## WHAT IS BEING ASKED
With the pictures left out, set down the line containing "1/4 Lb - Black" and each line after it to the end of the material, exactly as written.

## EXERCISE DATA

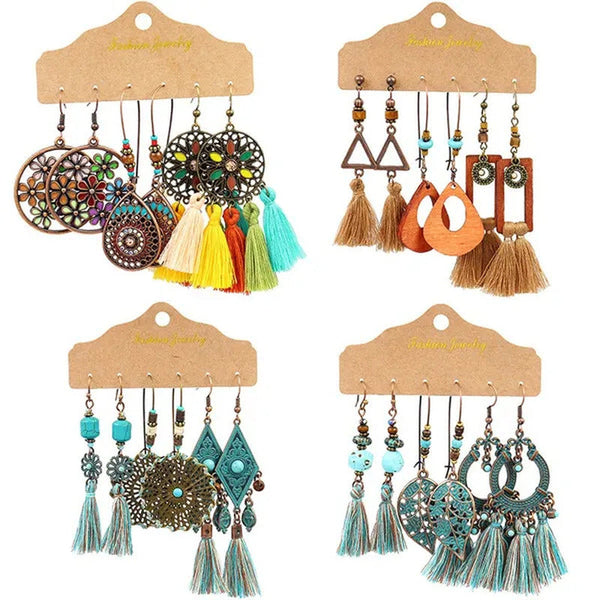 Vintage Big round Multicolor Beaded Earrings Set for Woman Ethnic Boho Tassel Fe
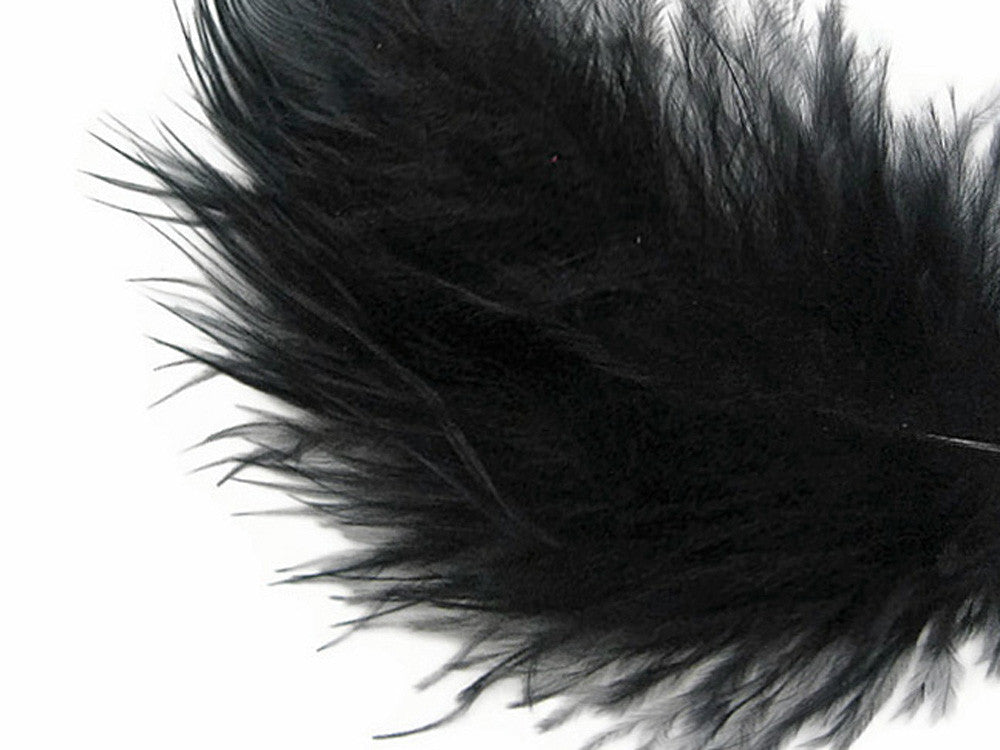 1/4 Lb - Black Turkey Marabou Short Down Fluffy Loose Wholesale Feathers (Bulk)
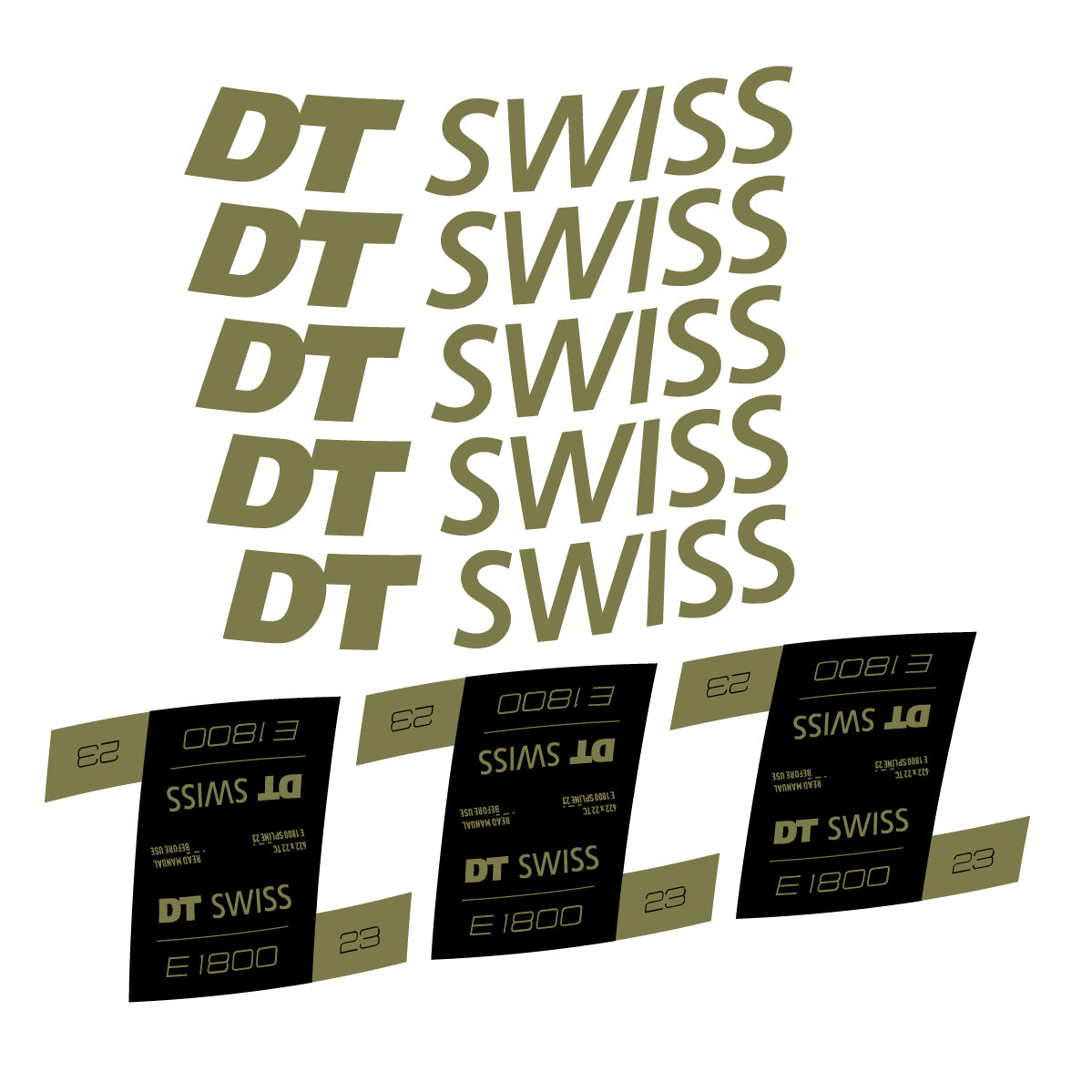 Vinyl decals for DT Swiss E 1800 23mm 2021-2026 Rims - Khaki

## OUTPUT OF THE TASK
 1/4 Lb - Black Turkey Marabou Short Down Fluffy Loose Wholesale Feathers (Bulk)
 Vinyl decals for DT Swiss E 1800 23mm 2021-2026 Rims - Khaki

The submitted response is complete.